Secondo i dati longitudinali pubblicati sulla rivista Addictive Behaviors Reports, il consumo di cannabis nei giovani adulti ad alto rischio non è associato ad un aumento del tasso di suicidio.
I ricercatori dell’Università del Colorado a Boulder hanno studiato la relazione tra uso di sostanze e suicidio, in una coorte di fratelli adolescenti ad alto rischio.

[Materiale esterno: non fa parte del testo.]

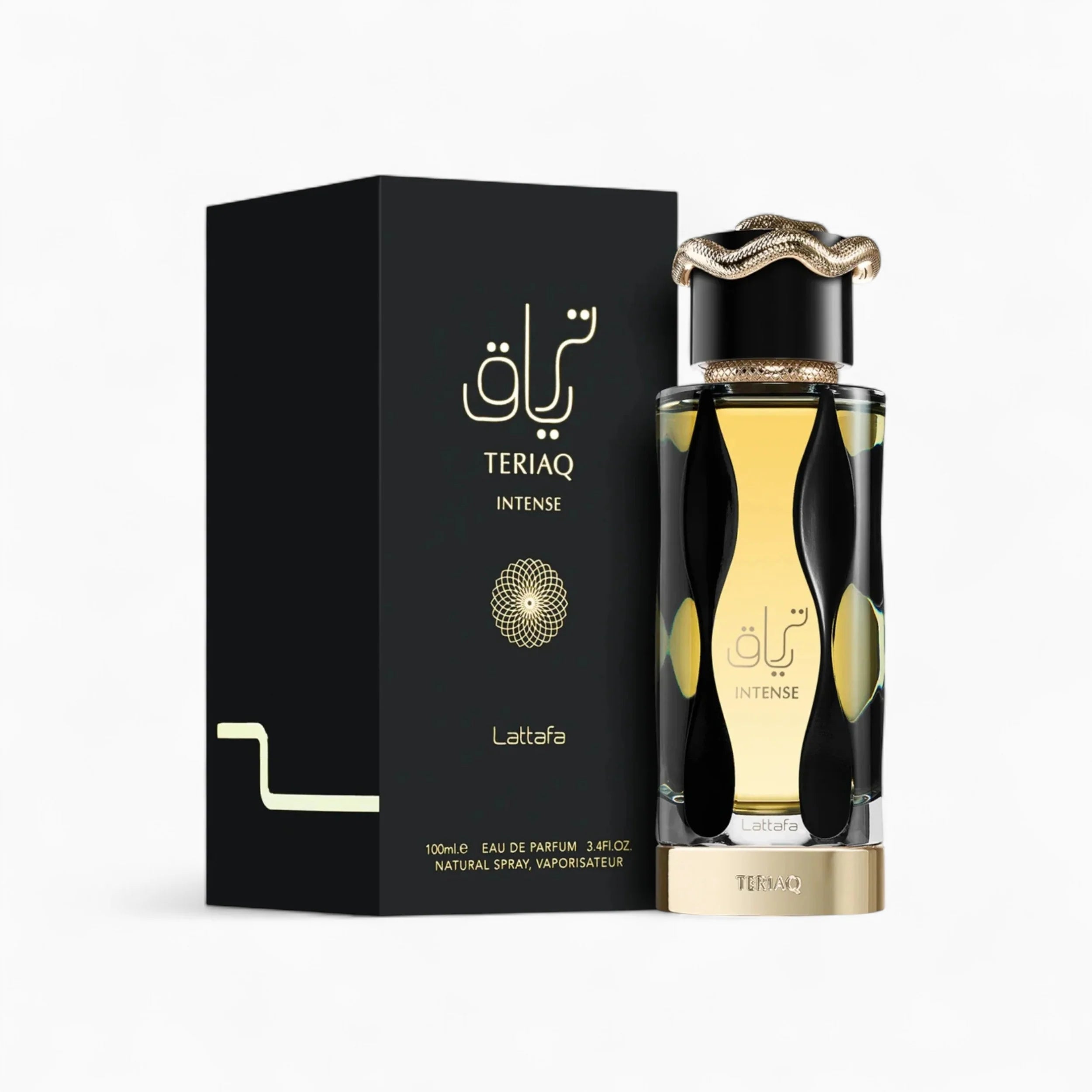 Lattafa Teriaq Intense EDP 100ml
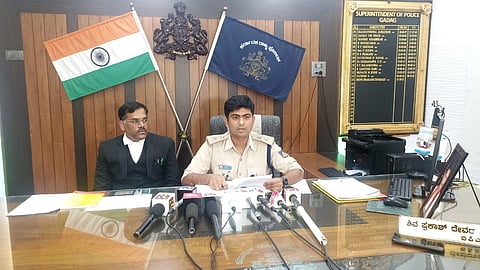 sp shivaprakash devaraju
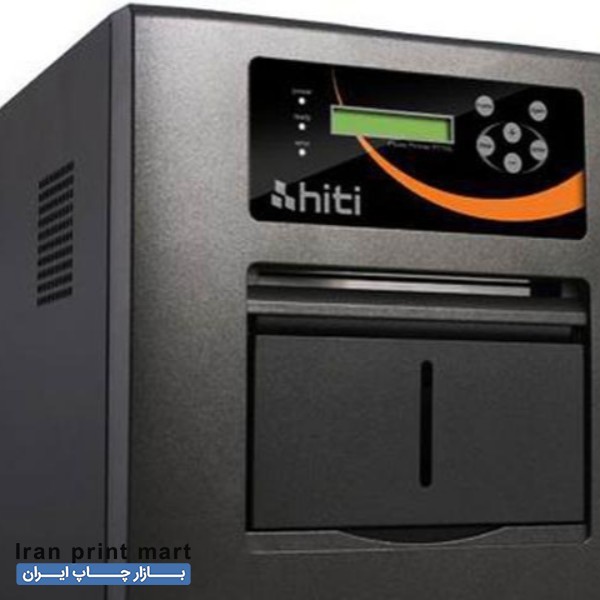 فروش پرینترچاپ عکس حرارتیhiti p710L شیراز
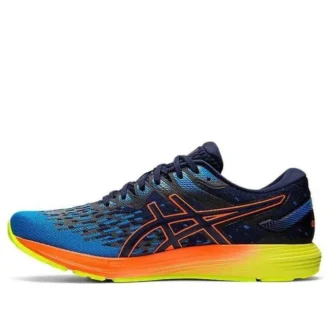 DynaFlyte 4 „Peacoat Flash Coral“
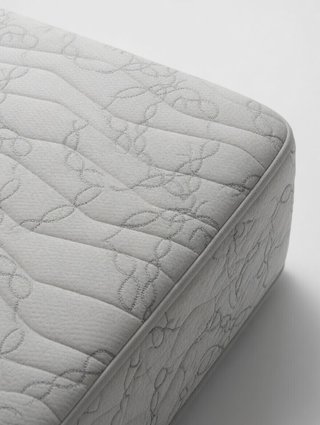Colchón 90x200 con funda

I partecipanti allo studio sono stati valutati all’età di 17 anni e di nuovo all’età di 24 e 30 anni.
“C’erano poche prove di un’associazione tra suicidio e qualsiasi uso di sostanze esaminato nel presente studio, con la possibile eccezione del consumo di tabacco”, hanno concluso gli autori dello studio. “In questo campione ad alto rischio, l’uso di cannabis non ha mostrato un’associazione coerente con i suicidi trasversali o in età avanzata.”
Dati separati pubblicati all’inizio di quest’anno non hanno segnalato alcun aumento delle “presentazioni al pronto soccorso per ideazione e tentativi di suicidio” in Canada a seguito della legalizzazione della cannabis per uso adulto.
Una ricerca pubblicata dal National Bureau of Economic Research rileva che “i tassi di suicidio tra le fasce di età più anziane sono diminuiti [negli Stati Uniti] in seguito all’apertura di dispensari ricreativi di marijuana”
Bibliografia
- Sara Markowitz and Katie E. Leinenbach, “Marijuana Legalization and Suicides Among Older Adults,” NBER Working Paper 34519 (2025).
- Stern EF, Ellingson JM, Schaefer JD, Hinckley JD, Stallings MC, Corley RP, Hopfer C, Wall TL, Rhee SH. Associations between cannabis use frequency and suicidal thoughts and behaviors: A clinical longitudinal sibling study. Addict Behav Rep. 2025 Jun 6;22:100620.